Unten Löcher rein gebohrt. Oberstes Brett hängt bei 1,20m und das 2. auf 30cm Höhe. Wollte am oberen Brett eigentlich so nen Nutfräsenaufsatz für die Bohrmaschine nehmen, aber 25 € für den Aufsatz war mir dann doch zu teuer, daher etwas improvisiert. Hinten hab ich zum Schutz der Ruten noch etwas Schaumstoff reingemacht. Nun noch richtig abschleifen und fertig ist der Lack und zum sicheren Aufbewahren im Keller reicht das Ding allemal  Rest siehe Bilder

PS: Ach ja das erste Loch im oberen Brett ist etwas nach hinten versetzt zu den Löchern im unteren Brett, damit sich die Ruten etwas nach hinten neigen und nicht nach vorne rausfallen


----------



## allegoric (17. Juli 2012)

*AW: Rutenständer*

Schön gemacht, gefällt mir!

Bitte ein Exemplar in Richtung Leipzig schicken! Danke


----------



## Hellge (17. Juli 2012)

*AW: Rutenständer*

Sehr schick! Fertigst du auf Bestellung?


----------



## Hering 58 (17. Juli 2012)

*AW: Rutenständer*

Moin Moin
Habe mir auch ein Rutenständer aus ein paar Holzresten gebaut er ist ca. 1,00 m hoch ,0,80 m breit und 0,25 m tief. :vik:


----------



## John Carp(enter) (18. Juli 2012)

*AW: Rutenständer*

Den find ich auch stark....schönes Ding. Gute Idee auch das so aufzuteilen mit den Brettern, bzw. die so zuzuschneiden, was hast dafür genommen? Einfach ne Lochfräse mit Bohrmaschine?


----------



## chxxstxxxx (18. Juli 2012)

*AW: Rutenständer*

Sieht beides sauber gearbeitet aus!
Ich hätte die Löcher zuerst mit einem Forstnerbohrer oder Lochsäge ausgeschnitten und dann das Brett in der Mitte halbiert.


----------



## John Carp(enter) (18. Juli 2012)

*AW: Rutenständer*

Stimmt. Ist wohl ein einziges Brett. Dann auf beiden Seiten ne Reihe Löcher rein gemacht und dann das Brett in der Mitte der Löcherreihe geschnitten, auf beiden Seiten. Die Idee muss ich mir wirklich merken für den nächsten Ständer :m


----------



## Hering 58 (18. Juli 2012)

*AW: Rutenständer*

Moin Moin 
@John Carp(enter) @christian36
Stimmt es ein Brett, habe es mit einer Lochsäge mit Bohrmaschine gemacht und dann mit einer Stichsäge in der Lochmitte gesägt.Wobei eine Handkreis Säge besser wehre aber ich habe keine.


----------



## John Carp(enter) (18. Juli 2012)

*AW: Rutenständer*

Hehe jo @hering. Dacht ich mir. Und das nicht jeder ne gute Handkreissäge im Keller hat, kann ich bei Preisen von bis zu 1.000€ für ne gute schon verstehen ^^ hatte letzte Woche eine da, da ich ne neue Küche eingebaut hab |supergri Sind natürlich schon klasse die Dinger.

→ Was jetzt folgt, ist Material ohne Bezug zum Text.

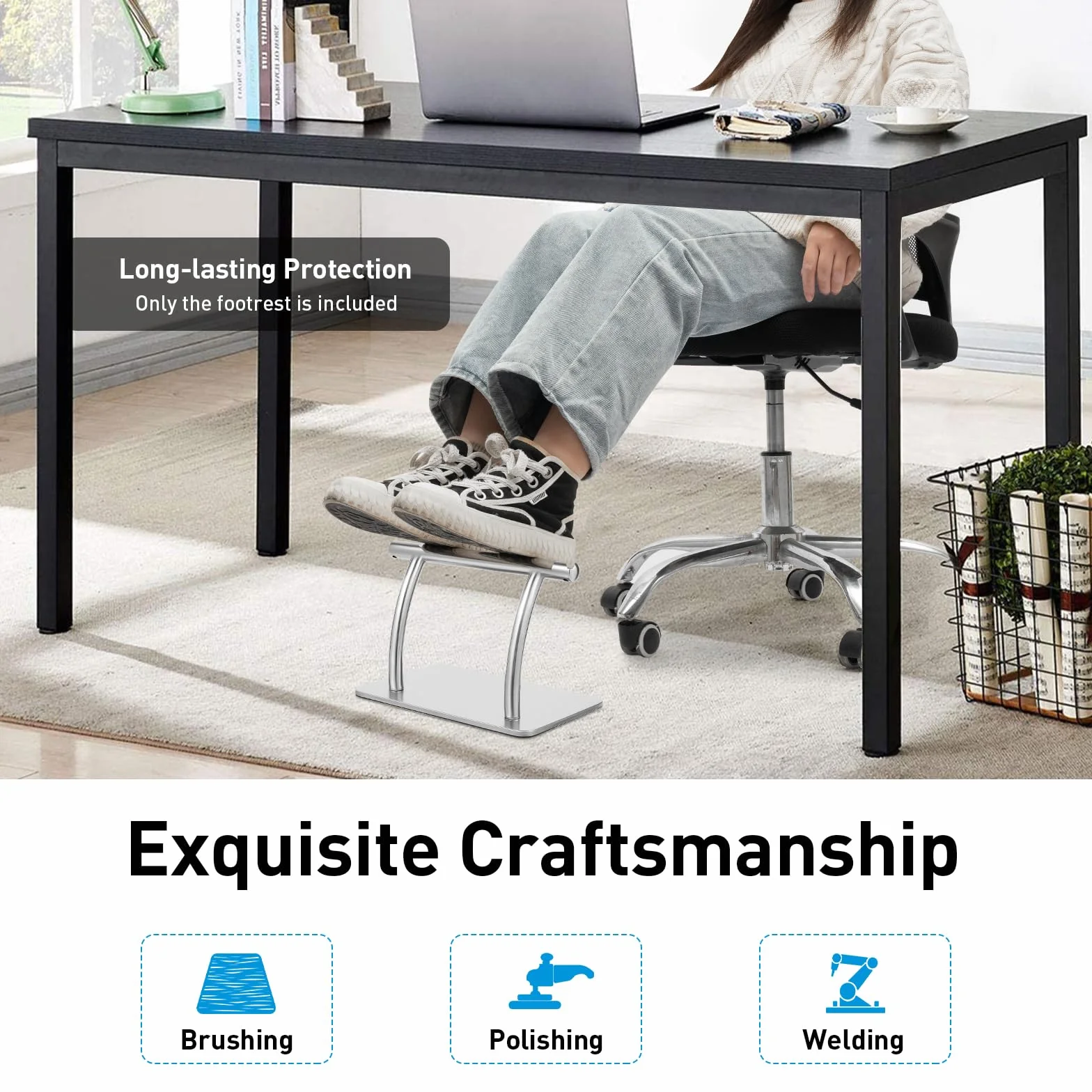 Chaise de pédicure, Avec aspirateur, Chaise de Massage, Manucure Chaise,Repose-pieds en acier inoxydable pour salon de coiffure - Repose-pieds en acier inoxydable (A9)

Aber ich musste natürlich gleich mal deine Version des Rutenständers ausprobieren und hab mir noch ein Brett so geschnibbelt wie du es hast und den alten umgebaut....Ist nicht nur besser sondern sieht auch noch "schnittiger" aus :m Jetzt kram ich mal noch nach 2 neuen Seitenteilen und dann hab ich mir sogar 2 gebaut, wenn ich die alte Version benutze :q


----------



## Hering 58 (19. Juli 2012)

*AW: Rutenständer*

Moin John Carp 
Stimmt macht gleich was her und ist auch besser?Und meiner hat auch fast nichts gekostet.Und sieht auch besser aus wenn die Ruten da stehen und nicht im Keller verstreut rum stehen. :vik:
http://www.anglerboard.de/board/member.php?u=151266


----------



## John Carp(enter) (19. Juli 2012)

*AW: Rutenständer*

Morgääähn 

Ja ist besser, da ich die Ruten nicht erst durch das Loch unten fummeln muss, wie bei meiner ersten Version, sondern einfach reinstellen kann. Also besser |supergri


----------



## sprogoe (19. Juli 2012)

*AW: Rutenständer*

ich denke mal, für Rotauge hat sich dieser treath schon längst erledigt, da es ja nunmehr 11 Jahre her ist, daß er festgestellt hat, daß seine Jungs auch Ruten haben, die einen Ständer brauchen.
Inzwischen werden sie wohl dafür anderweitige Verwendung haben, als sie an die Wand zu hängen.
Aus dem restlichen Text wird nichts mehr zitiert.